Часто к деду Степану родня приходила. Недалеко, в поле, табором цыгане вставали. Смотришь — по улицам не местные ходят. И всё-то они знали — у кого кур воровать, у кого — не воровать. Бедный человек — это для них святое было: бедного обидеть — грех большой.
Это были не те цыгане, которые теперь на вокзалах встречаются. Не могу их уважать. И не столько за то, что многие из них анашой торгуют, а за то, что обманывают самого простого, наивного человека. Самого доверчивого отыщут — и вокруг пальца обведут. Последнее отберут... Не могу переносить тех, кто доверчивых грабит.
Нет, цыгане моего детства были другие. И в таборе у них я по нескольку месяцев пропадал. Мама всегда переживала за меня. Но Степан говорил ей: “Не трогай Саньку. Пусть на воле поживет. Не беспокойся за него”.
В таборе меня поражало все. И скачки на конях, и взрывной цыганский темперамент, и пляски, и громкое пение. И бывало, что такие буйные споры вспыхивали — разрешались поединками на ножах. Но наступало время, когда вмешивался старший в таборе — глава. И все успокаивалось: подчинялись ему беспрекословно. И великое уважение к отцу, к матери, к женщине я видел у них — такое уважение, которое и должно быть в нормальном обществе, не искаженном пороками городской цивилизации...

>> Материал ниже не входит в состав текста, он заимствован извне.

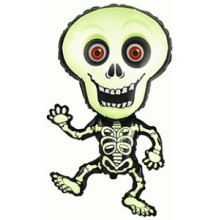 Shape Skeleton Green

Особенно я любил вечернее время у костра, когда все вокруг замирало. Только треск сгорающих веток был слышен. И лились грустные цыганские песни в поле, под темнеющим небом, в сумерках — я всегда ждал этого часа. Рассаживаются они вокруг огня, и душа замирает — вот, вот она, красота, сейчас! И с тихого такого запева все начинается. И переходит все в многоголосье — ширится оно. И думаешь: Боже, какая же непостижимая красота вокруг! Заря угасает, темнее становится, темнее. А они — поют! И поют до самого утра. Такое очарование от костра, и такая прекрасная грусть над полем летит: “Ой, да не будите...” Боже, как же они пели!